* [Aim of the task]
Transcribe exactly the entries from the "Penghasilan YouTube Chef" line to the end, both included, minus pictures.

* [Brief descriptive captions]
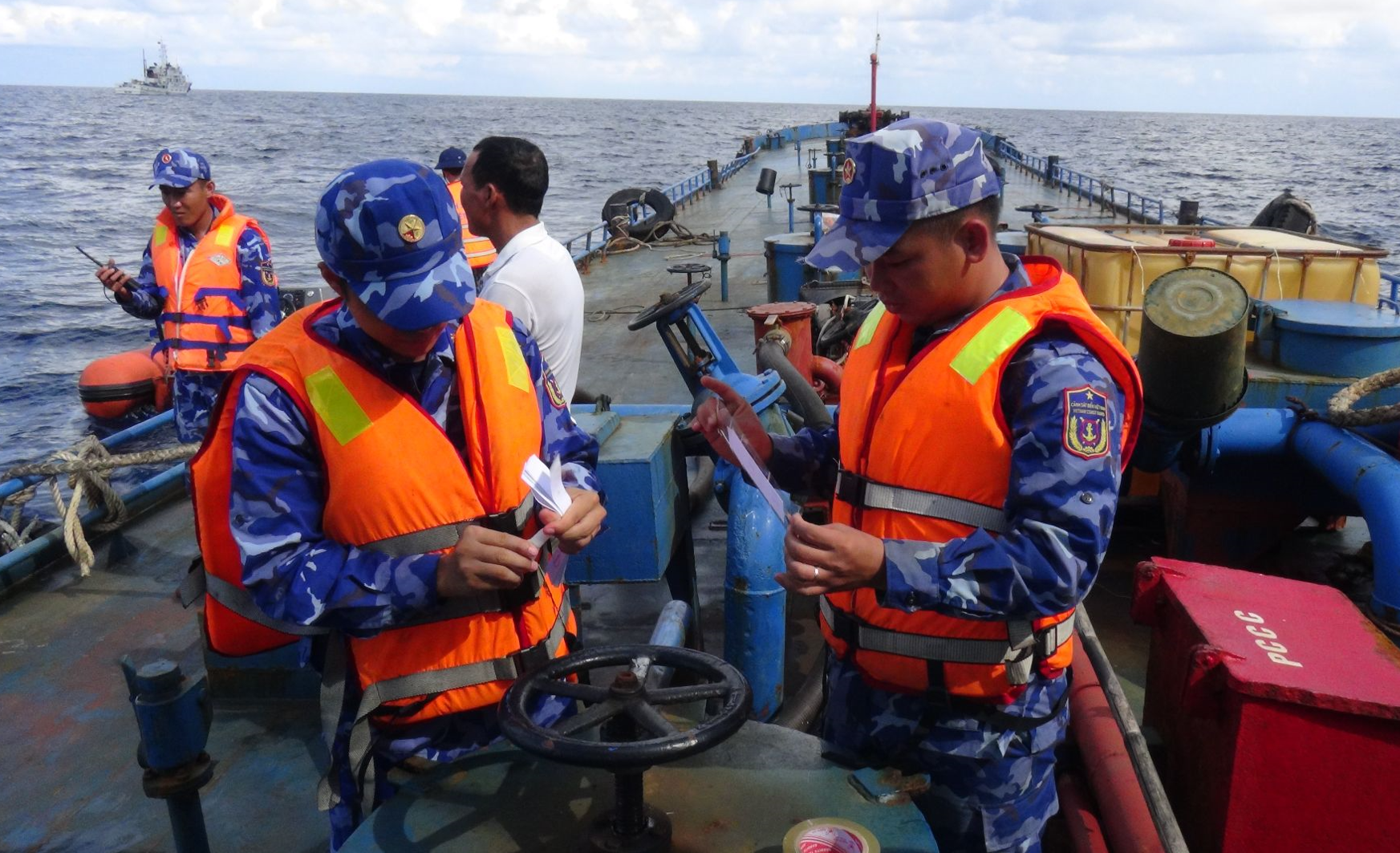 Năm 2025, Cảnh sát biển bắt giữ, xử lý 1.536 vụ vi phạm pháp luật trên biển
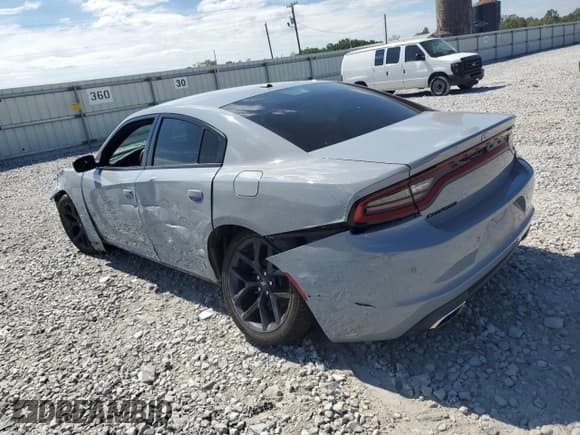 ✅ 2020 Dodge Charger SXT • VIN: 2C3CDXBG9LH195864 • Lot: 84933885. Wystawiony na Copart z przebiegiem 117 589 mil. Bezpłatny archiwum sprzedaży aukcyjnych z USA i szczegółowy raport historii pojazdu na DreamBid. Zdjęcie 2.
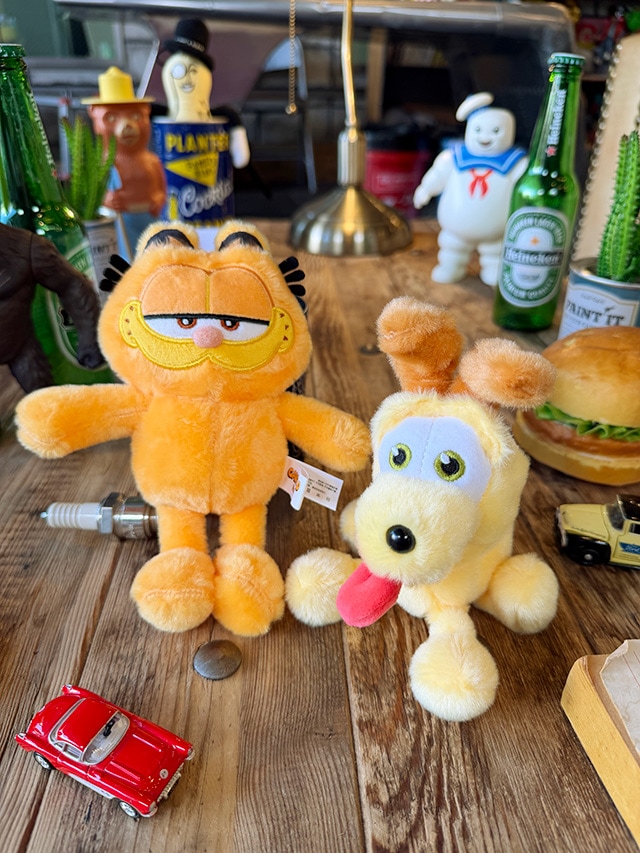 ガーフィールド＆オーディー ぬいぐるみ キーホルダー （2体セット）の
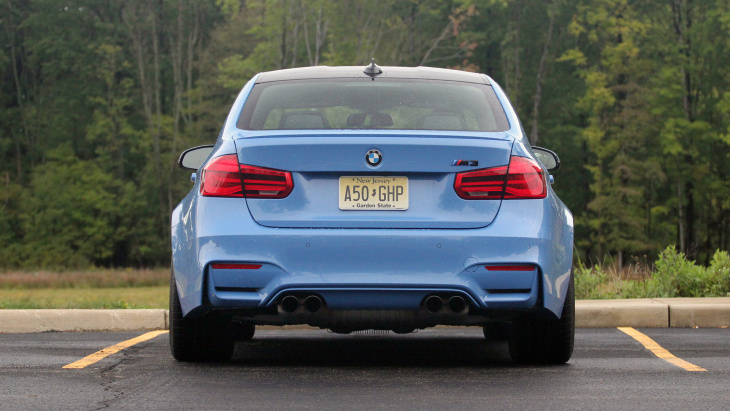 À quoi ressemble le moteur d'une BMW M3 après un surrégime ?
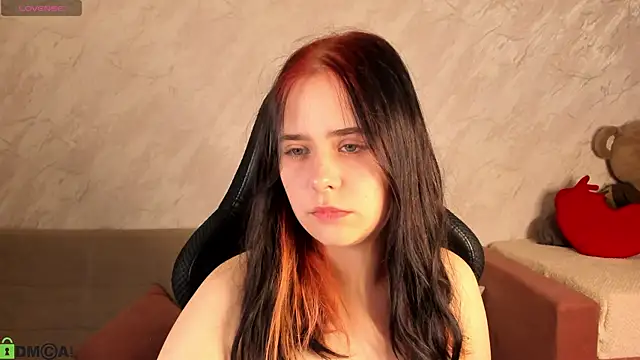 Snapshot of Alis_Platt chatting on 9, 9, 2025 Alis Platt online show from 9, 9, 2025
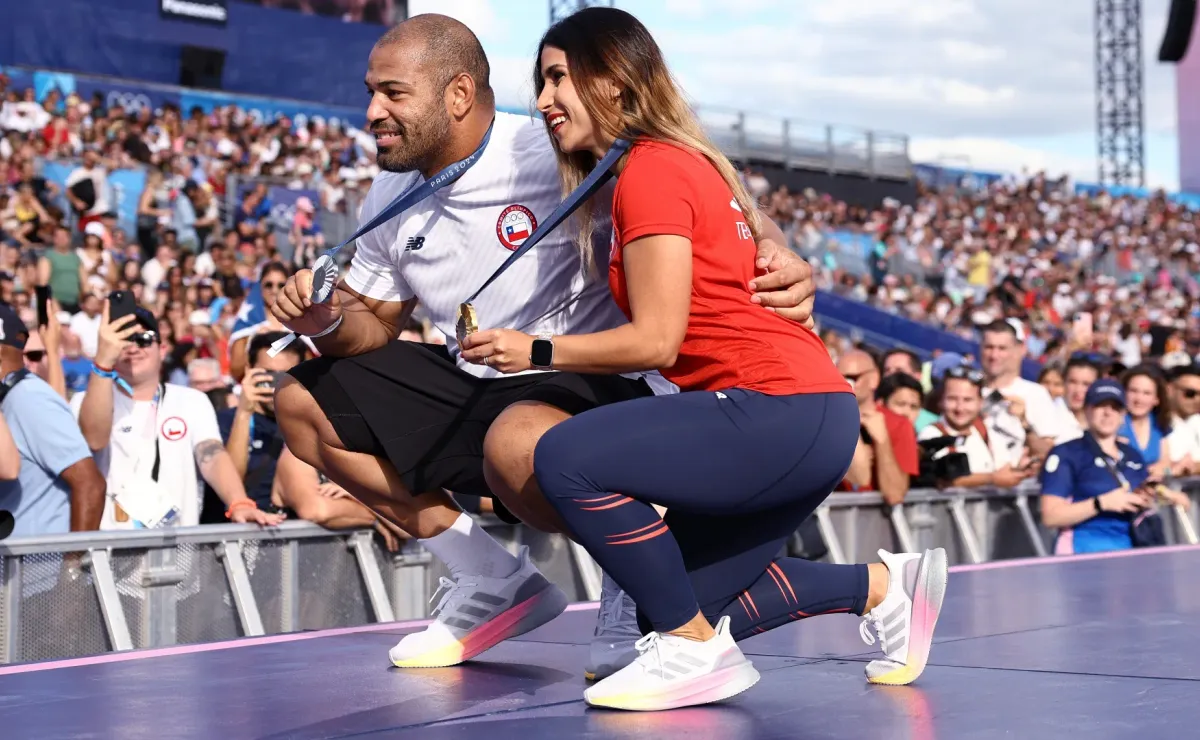 Yasmani Acosta supera a Francisca Crovetto en Premio Nacional de Deportes 2024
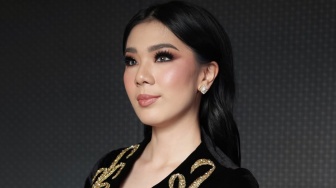 Penghasilan YouTube Chef Devina Hermawan, Foto Siomay Diduga Dicomot Adik Syahrini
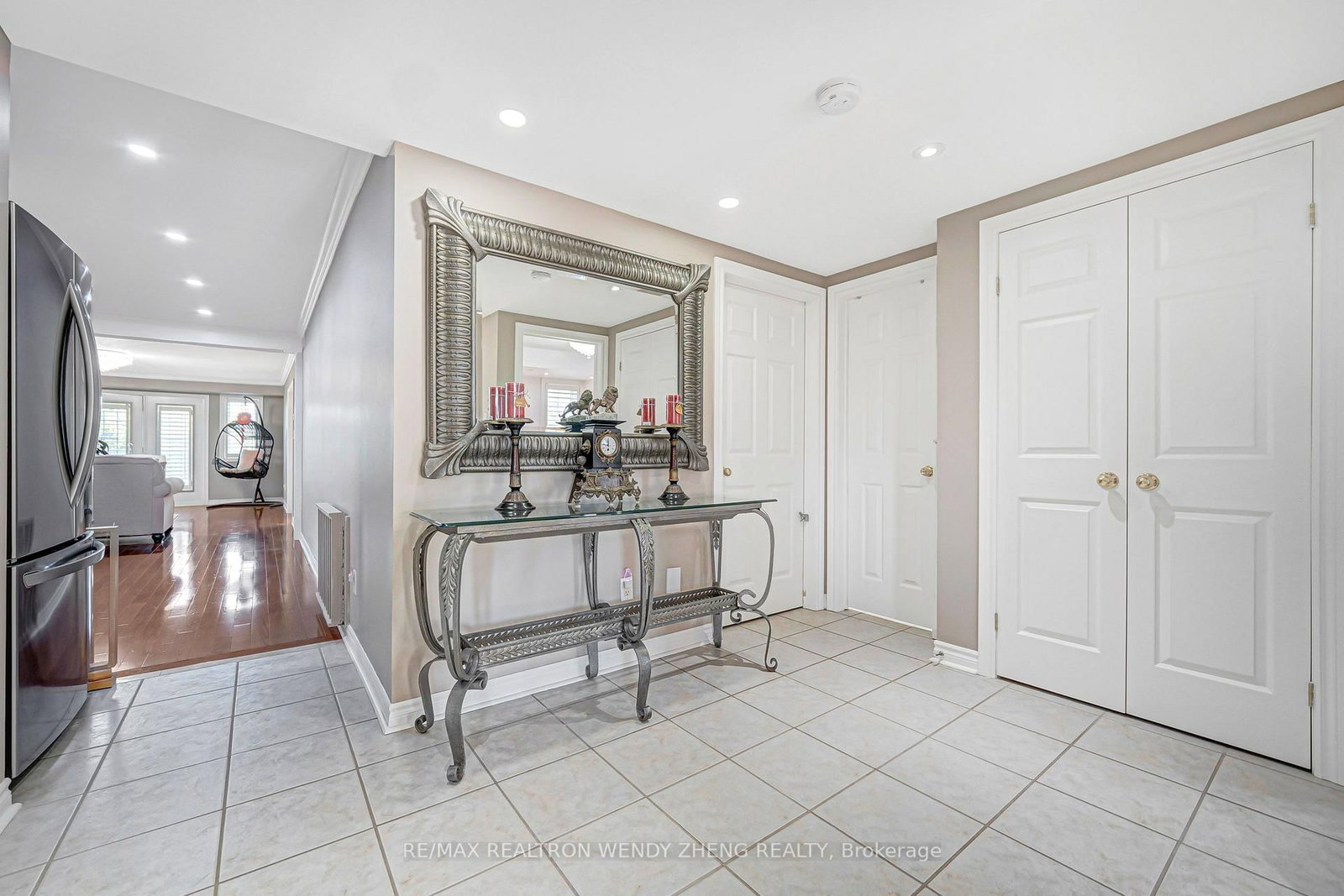 520 Silken Laumann Drive • #21 • Newmarket, ON photo 8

* [Finished task]
 Penghasilan YouTube Chef Devina Hermawan, Foto Siomay Diduga Dicomot Adik Syahrini
 520 Silken Laumann Drive • #21 • Newmarket, ON photo 8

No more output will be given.